Thanks to Zoom, You Are Still Expected To Sit Through Your Annoying Friend’s Spring Wedding
- Pampler Editorial Team
- May 8, 2020
- 1 min read
Updated: Aug 16

Spring weddings are back, kind of—if by “back” you mean forcing your couch-bound body to endure three hours of your friend’s relatives showing off their gluten-free cupcakes via Zoom. Thanks to the miracle of virtual weddings, you no longer have to physically travel, but the emotional and social labor? Still very much required.
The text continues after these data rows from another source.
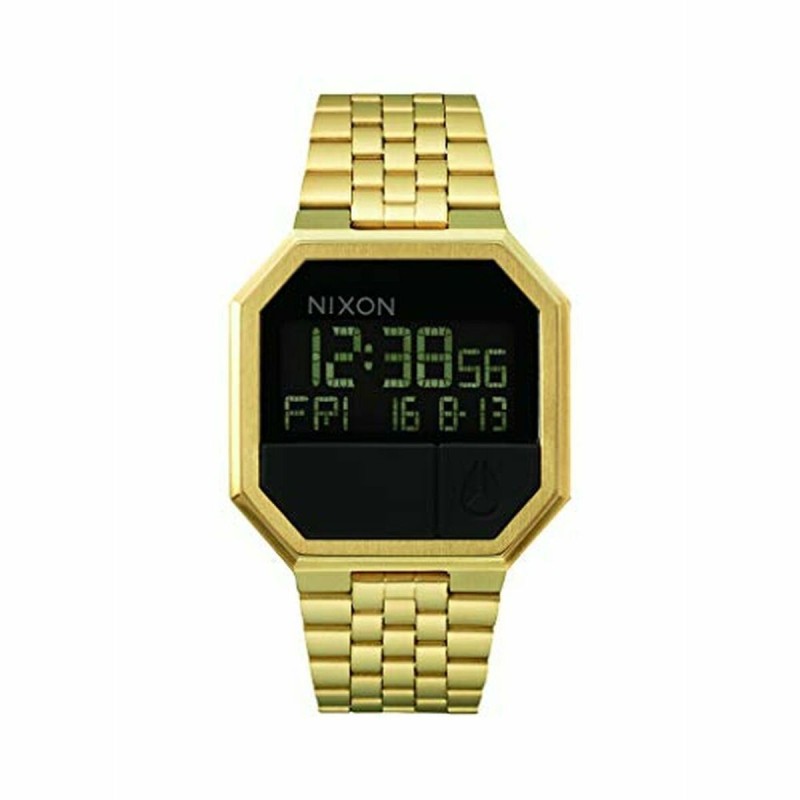 Men's Watch Nixon A158502-00 Gold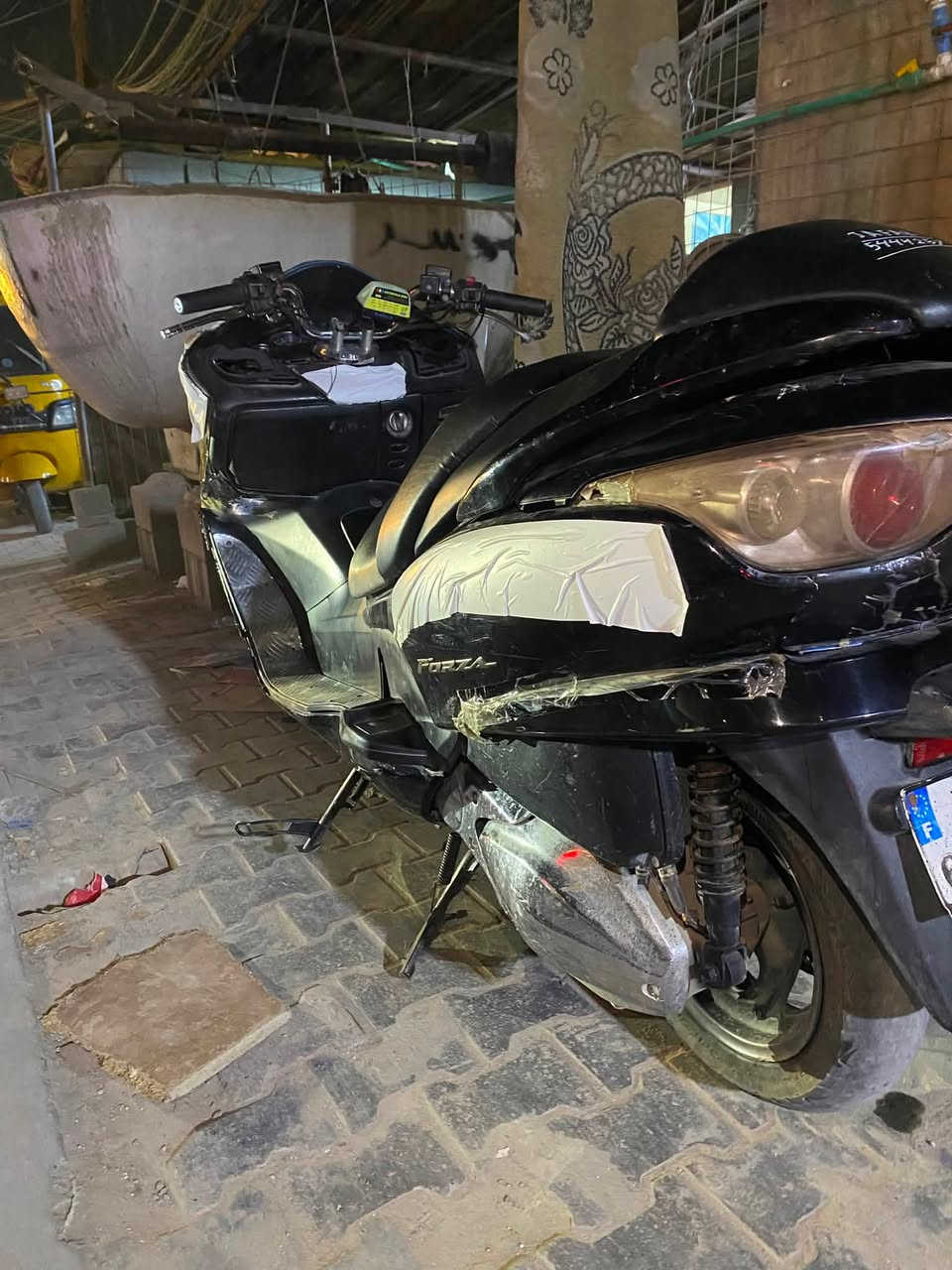 لـلـبـيـع او مـراوس
فـورزا 0.9 مـكـيـنـه بـيـهـا تـبـخـيـر گـيـر مـلـغـي كـهـربـائـيـات كـامـلـه مـعـدل 120 بـيـهـا صـالـنـصـه تـضـرب طـلـقـات وصـوت يـخـبـل السعر المطلوب600
للاستفسار ***********
مكاني بصره
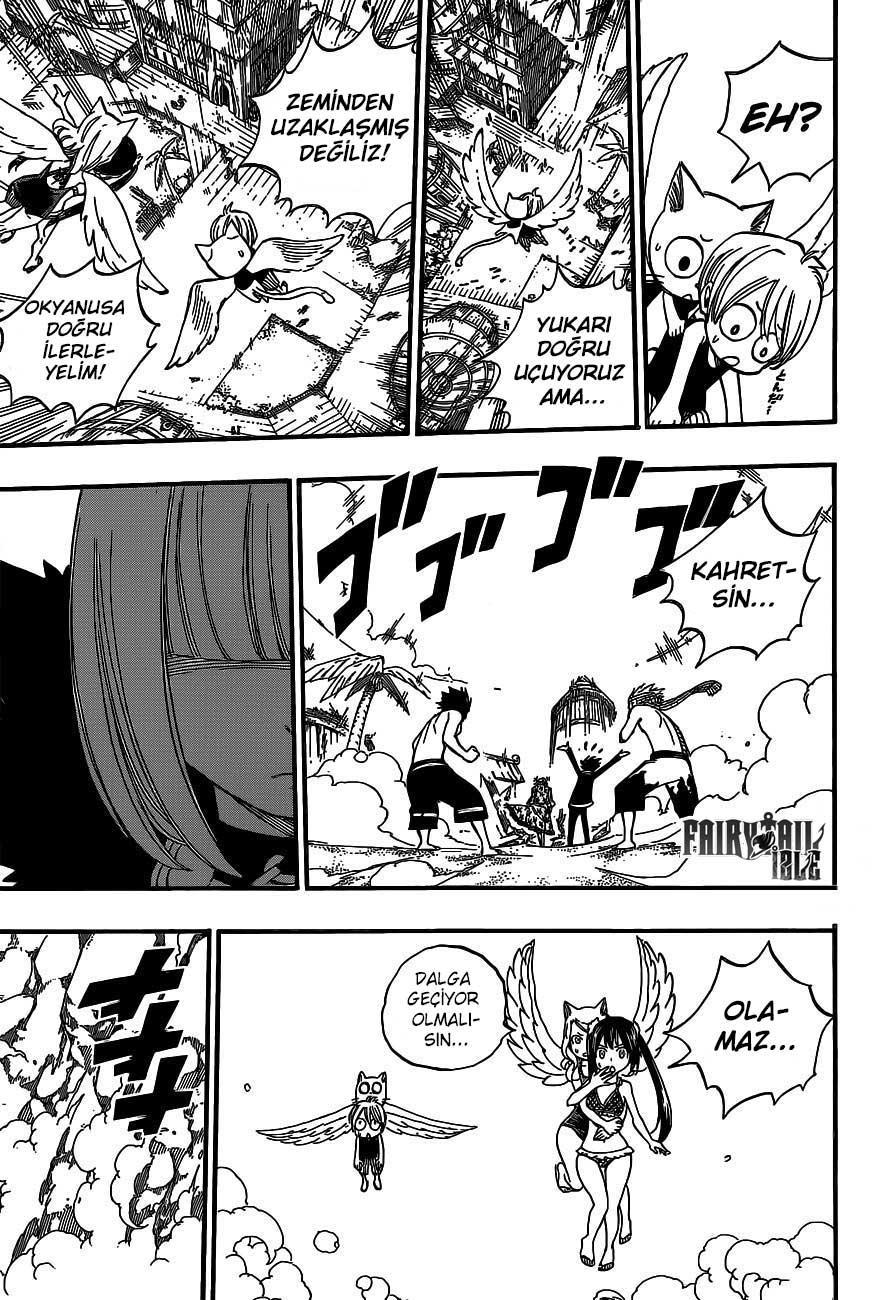 Fairy Tail mangasının 443 bölümünün 16. sayfasını okuyorsunuz.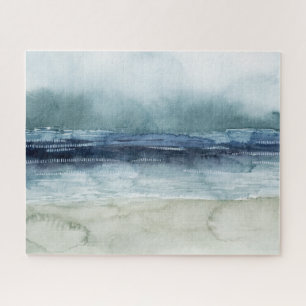 Quebra-cabeça Mariner's Mist - Linha de costa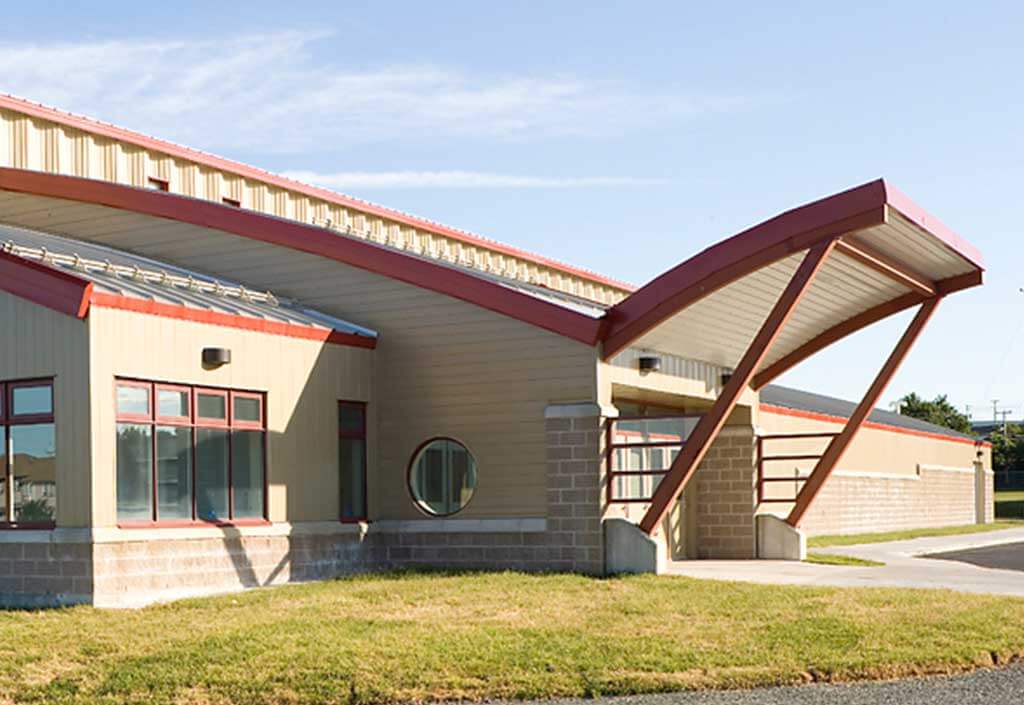 BEHLEN Steel Buildings LP: Newfoundland Sports and Recreation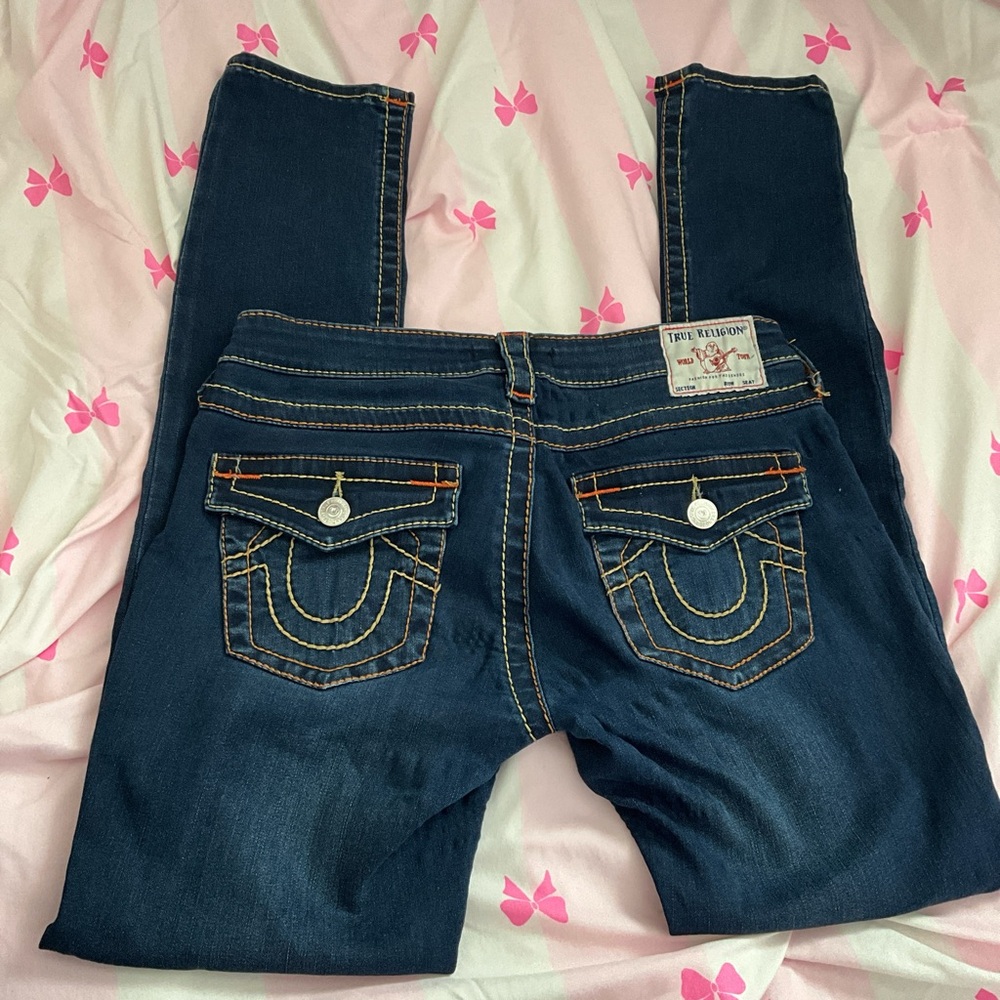 True Religion Skinny Jeans | W29/L29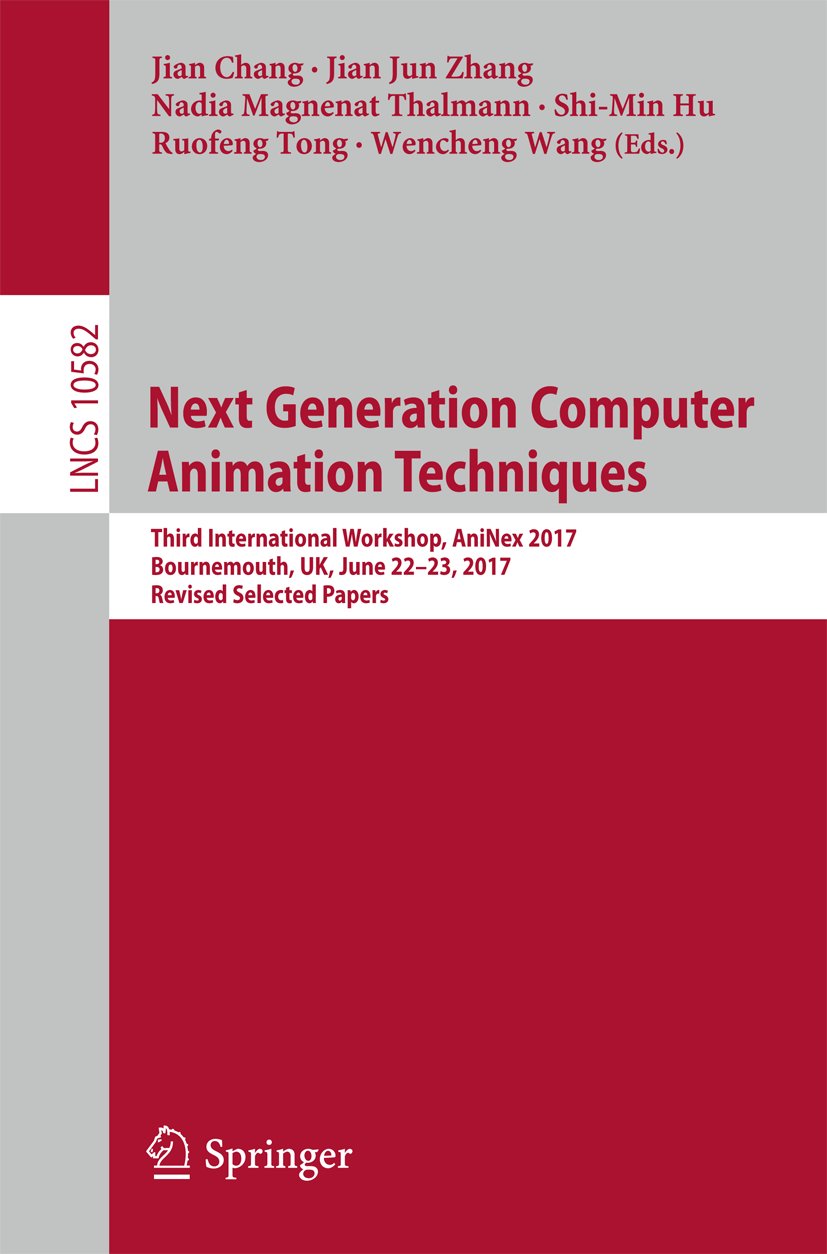 Lecture Notes in Computer Science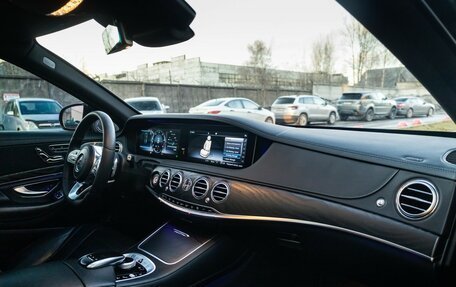 Mercedes-Benz S-Класс, 2018 год, 5 812 092 рублей, 11 фотография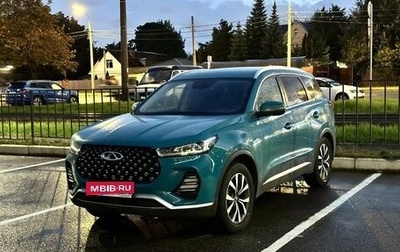 Chery Tiggo 7 Pro, 2021 год, 1 379 000 рублей, 1 фотография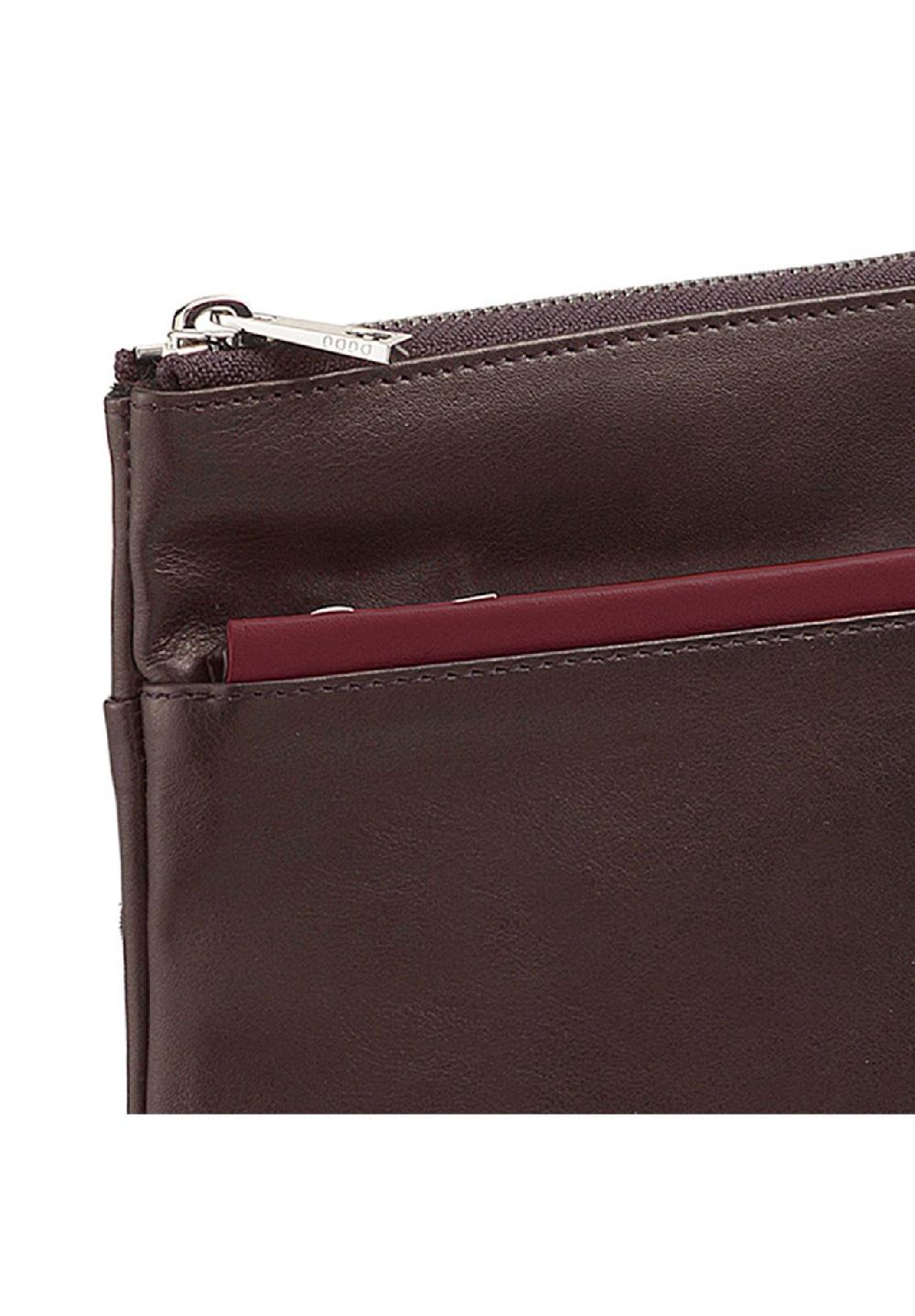 DuDu Panay Panay Umhängetasche Leder 24 Cm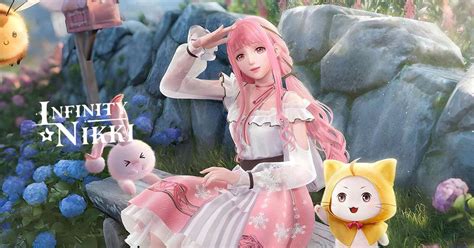 Play Infinity Nikki Now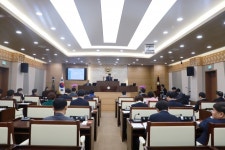 평택시의회 제211회 임시회 폐회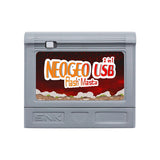 For SNK NEO NGP NGPC Burning Card NEOGEO USB Flash Masta 2 In 1 Retro Game Accessories
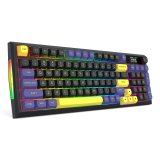 REDRAGON Glintstone K725LBY-RGB-PRO tastatur Sort #2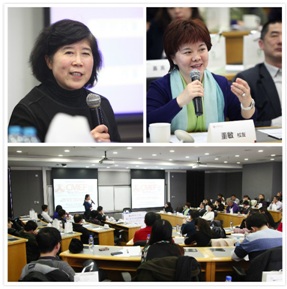 科学治理压力，提高生涯品质——2014年度北大J9集团国际站EMBA健全协会&金融协会结合沙龙圆满进行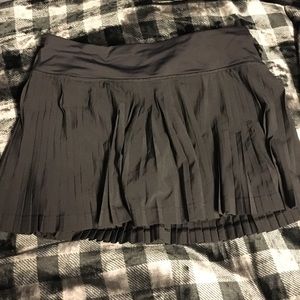 Lululemon Pleated Skirt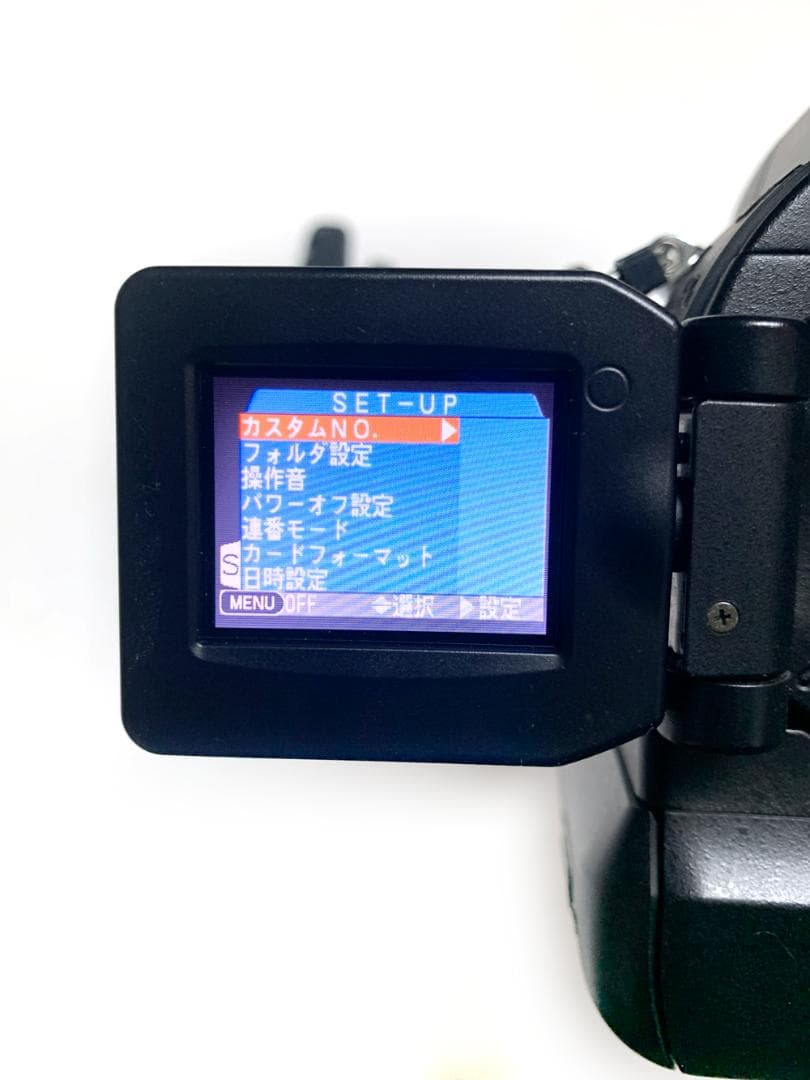 デジタルカメラ NIKON COOLPIX E5700 + MB-E5700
Experts advise logging in 15 minutes early, muting yourself the second Aunt Karen begins her anecdote about her dog’s heartbreak, and keeping a strategically placed cocktail within arm’s reach. Wedding planners recommend “interactive experiences” like live chat flower tosses or virtual photo booths, because nothing says romance like clicking “emoji heart” on a screen while your Wi-Fi struggles to process your mother’s tears in HD.
“Honestly, Zoom weddings are both revolutionary and cruel,” says one anonymous guest, staring blankly at their laptop while their friend exchanges vows. “I’m celebrating love, but also silently judging everyone’s DIY backdrops.”
In short, yes: you are expected to dress up, smile, and pretend your lagging video feed isn’t destroying the sacred illusion of a wedding ceremony. The only difference? You get to complain about bad Wi-Fi instead of bad catering.